The third was investor-level reporting. Form 8996 covers the QOF. §1400Z-2(a)(1) requires the investor to elect on Form 8949. What the first round did not build out is the chain of reporting for a partner in a QOF partnership whose underlying investments are QOZ Business subsidiaries. Several witnesses argued for a simplified investor package (a supplemental schedule rather than a reconstruction of the asset-level tests), on the theory that ordinary investors cannot be expected to audit a 90% asset test from the outside. Treasury has not shown its hand here.

If you are coming to this topic cold, the broader context lives in our earlier pieces: the zone designations were locked in mid-2018 and fund-raising went live against an incomplete rulebook, as walked through in our September 2018 report on the designated map and the first-mover states; the first-round proposed regs filled in what they filled in, which we covered last month in our reading of REG-115420-18 and Rev. Rul. 2018-29.

How sponsors are pricing the gap

The practical question for anyone forming a fund this quarter is how to underwrite around the open items. Three patterns have settled in.

Real-estate sponsors are pushing forward. A single-asset substantial-improvement fund, organized as a partnership, with a written 31-month working-capital plan pointed at a specific property, and with the substantial-improvement test measured against a building-only basis per Rev. Rul. 2018-29, fits inside what the first round already says. Closings accelerated through November, December, and January despite the open items on the operating-business side, because none of those open items are binding on a plain-vanilla real-estate deal.

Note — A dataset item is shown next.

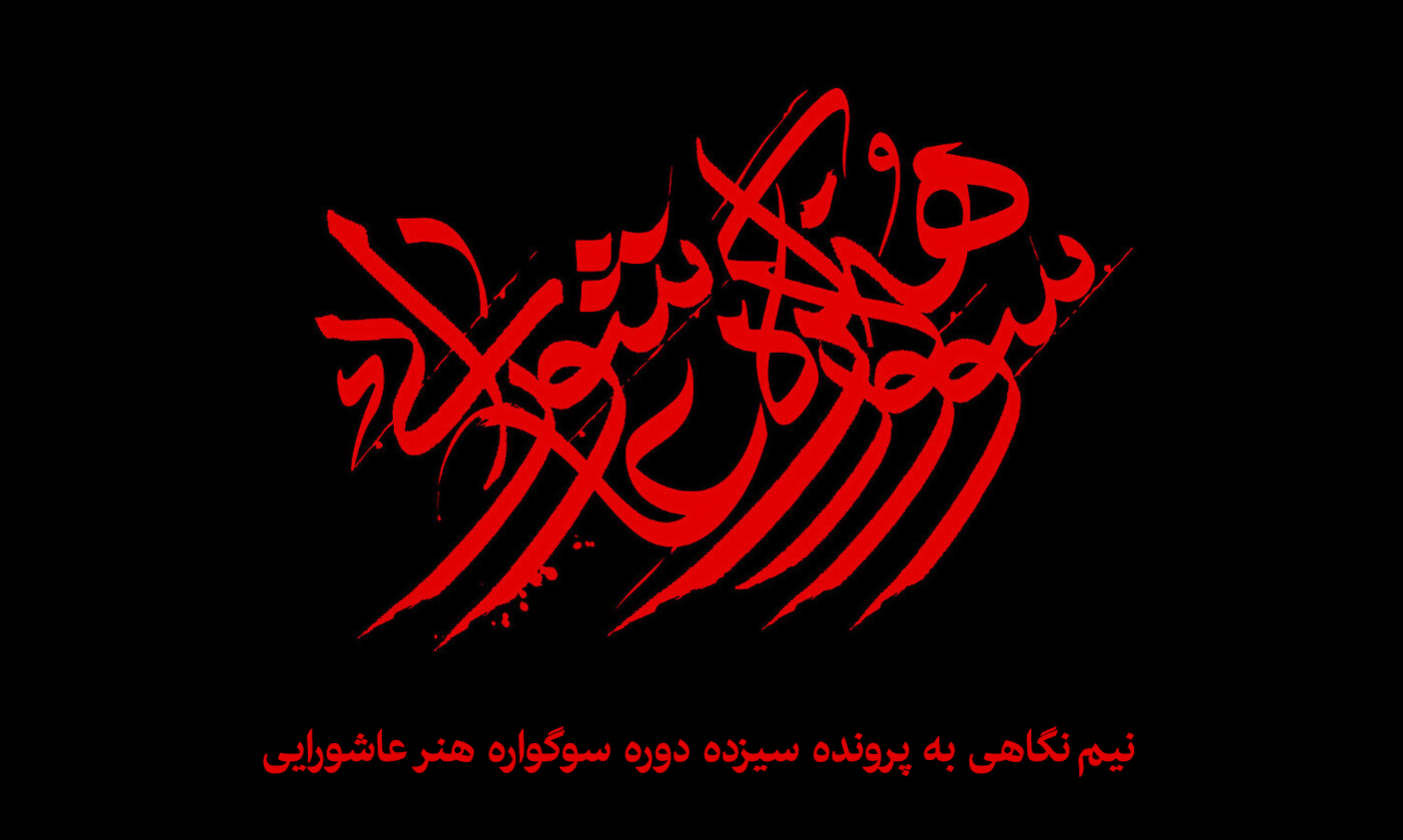 نیم نگاهی به پرونده سیزده دوره سوگواره هنر عاشورایی نیم نگاهی به پرونده سیزده دوره سوگواره هنر عاشورایی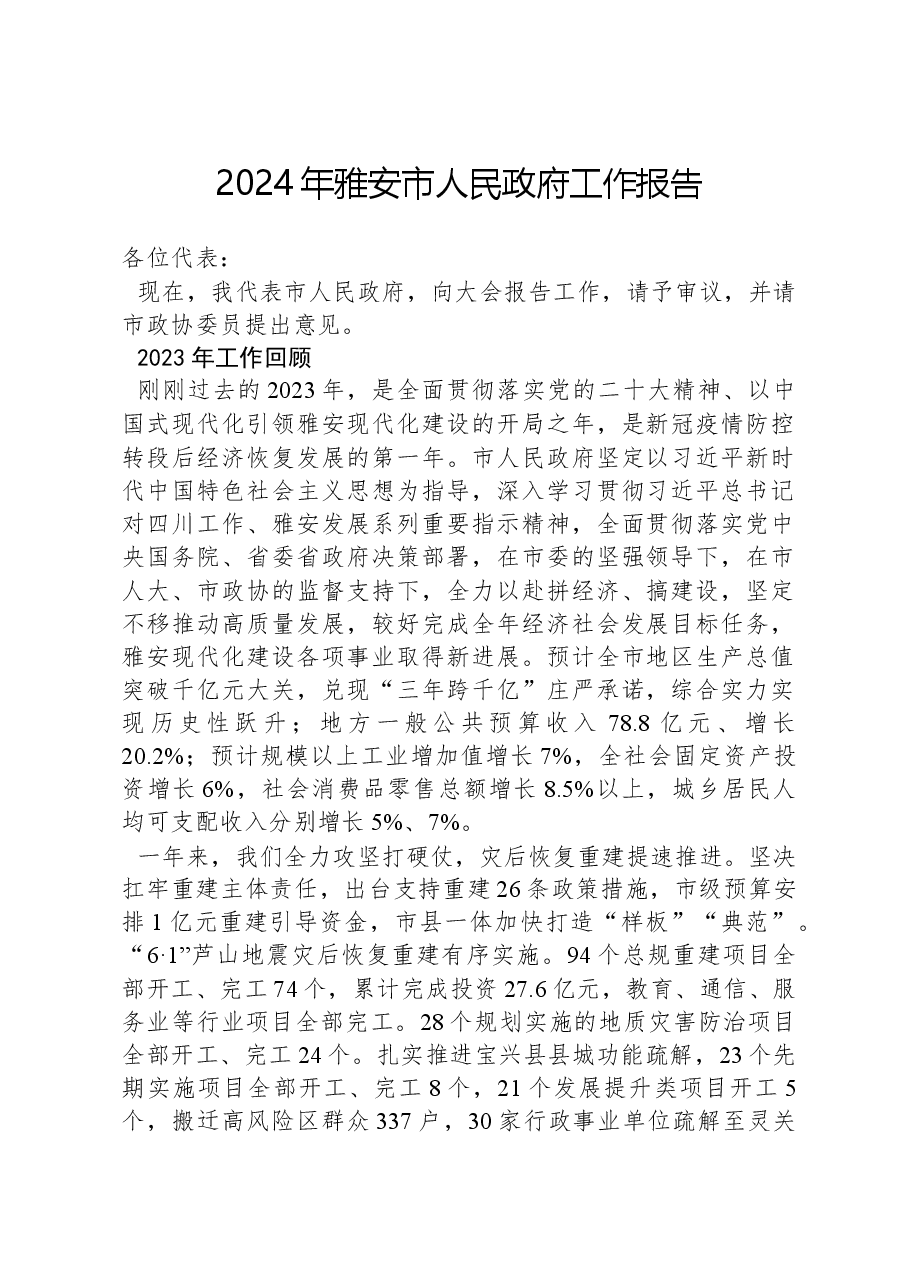 2024年雅安市人民政府工作报告.docx,第1页预览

Operating-business sponsors are mostly still in fundraising. A fund that plans to hold a technology company, a manufacturer, or a multi-location services business cannot underwrite against the 50% gross-income test without knowing how Treasury will interpret it. Several sponsors have closed first rounds on soft commitments contingent on the second-round regs, with the expectation that subscriptions harden once the text publishes. If the second round arrives before the end of the first quarter, most of those soft commits convert. If it slips past mid-year, some number of them walk.

Mixed-use funds (a real-estate project with an operating-business tenant inside a zone) are the category that is hardest to price. The fund qualifies against the real-estate piece and fails or passes against the operating piece on rules that do not yet exist. Deal counsel is currently writing two-track plans that bifurcate the structure, with the operating business as a QOZ Business subsidiary and the real-estate leg inside the QOF directly. That adds complexity and legal cost, and it presumes the second round treats the two legs consistently. It may.

A dateline observation, honestly

Five days between a public hearing and a sitting agenda is not a lot of time to draft second-round regs. Treasury has telegraphed that the second round is in advanced stages; OMB review typically adds additional weeks to whatever the drafting calendar is. A realistic expectation is publication in the second half of the first quarter or the first half of the second quarter of 2019. Any sooner would be unusual. Any later would start to eat the seven-year step-up window, which, because of the §1400Z-2(b)(2)(B)(iv) 2026 recognition deadline, closes for new investments at the end of 2019.

That is the deadline that matters. The practical value of getting the operating-business rules finalized is measured in how much of 2019's capital can be committed with confidence against the seven-year step-up, and every week of delay compresses the window. The comment letters have been filed, the hearing has been held, and the second round is either close to publication or is waiting on a final political sign-off inside Treasury. From the outside we cannot tell which. From the outside, the deals waiting on it are visible enough.